Continuing the previous example, now with node data in groups[5]:

groups:
  g1: 
    members: [ a,b ]
  g2:
    members: [ d,g1,g3 ]
    foo: bar
  g3:
    members: [ e ]
    foo: baz
  • Nodes a, b and d (direct and indirect members of group g2) will have the node attribute foo set to bar.

  • Node e (member of group g3) will have the node attribute foo set to bazg3 overwrites the foo value set by the parent group g2.

Group data processing performs deep dictionary merge when an attribute specified in the group ‌and the current value of the member attribute are both dictionaries, allowing you to define various parts of the same data structure in different groups, for example:

nodes:
  a:
    bgp:
      rr: true
  b:
  c:
  d:
  e:
    config: [ e ]
  f:

groups:
  g1: [ a,b ]
  g2:
    members: [ d,g1,g3 ]
    bgp:
      as: 65000
  g3:
    members: [ e ]
    bgp:
      as: 65001
  • Node a has bgp.rr set to True (direct node data) and bgp.as set to 65000 (attribute merged from g2 node data).

  • Nodes b and d have bgp.as set to 65000.

  • Node e has bgp.as set to 65001 (deep merge results in value from g2 being overwritten by value from g3).
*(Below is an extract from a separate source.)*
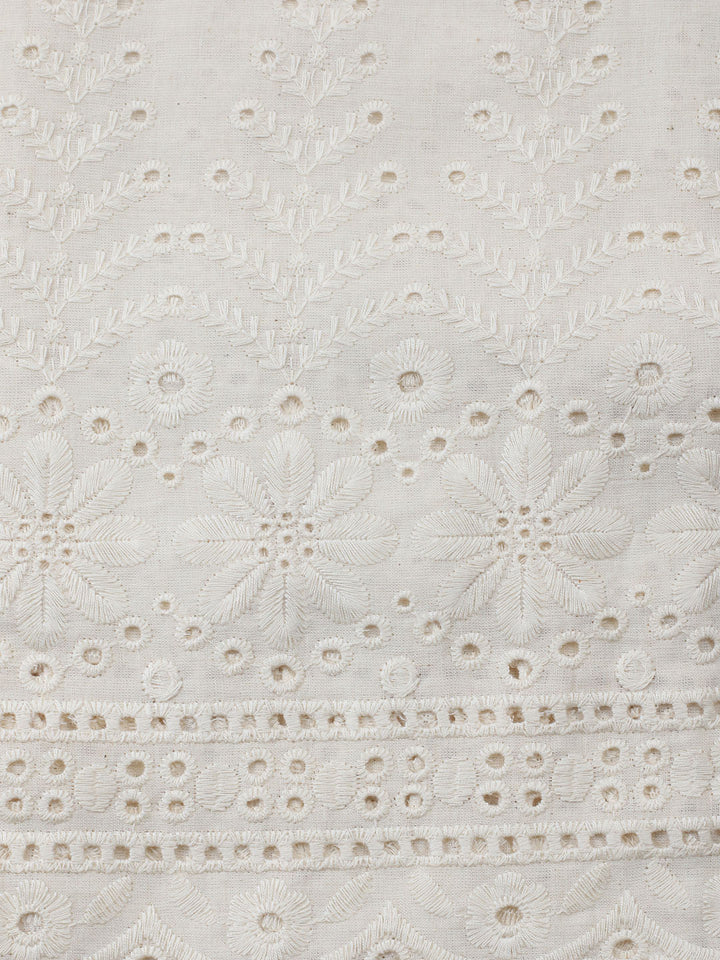 Embroidered Cotton Blend Unstitched Suit With Pant &amp; Dupatta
  • Nodes c and f do not have any BGP-related attributes

Create Objects From Group Members

To prevent typos and duplicate names, the group members attribute must contain valid group-type-specific object names specified in the nodes, vlans, or vrfs dictionary. However, if a group contains _auto_create attribute set to True, netlab creates missing objects from group members. You can set the _auto_create attribute:

  • In individual groups. You can specify the _auto_create attribute in individual default groups to create nodes in all labs using those defaults.

  • In groups or defaults.groups dictionary. The global _auto_create attribute does not apply to default groups.
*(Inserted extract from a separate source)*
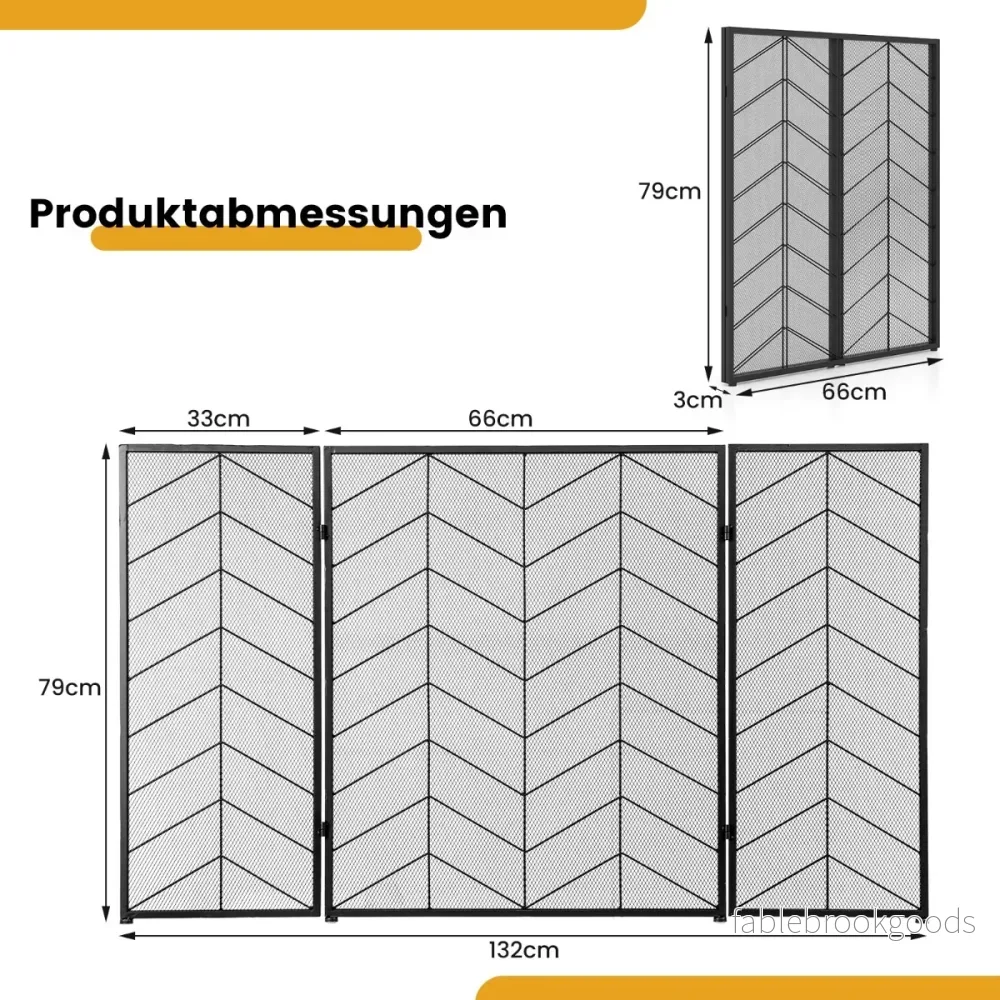 delat – hopfällbart gnistskydd med dekorativ spisspärr av trådnätsmönster – 3 – Svart - Bild 2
For example, due to the global _auto_create attribute, the following topology creates nodes from the members of all topology groups (g3). It also creates nodes from the members of the g2 default group due to the group _auto_create attribute.

defaults:
  device: cumulus
  
defaults.groups:
  g1:
    members: [ A, B ]
  g2:
    _auto_create: True
    members: [ C, D ]
    device: eos

groups:
  _auto_create: True
  g3: [ E, F ]

The lab will contain nodes C and D running Arista EOS and nodes E and F running Cumulus Linux.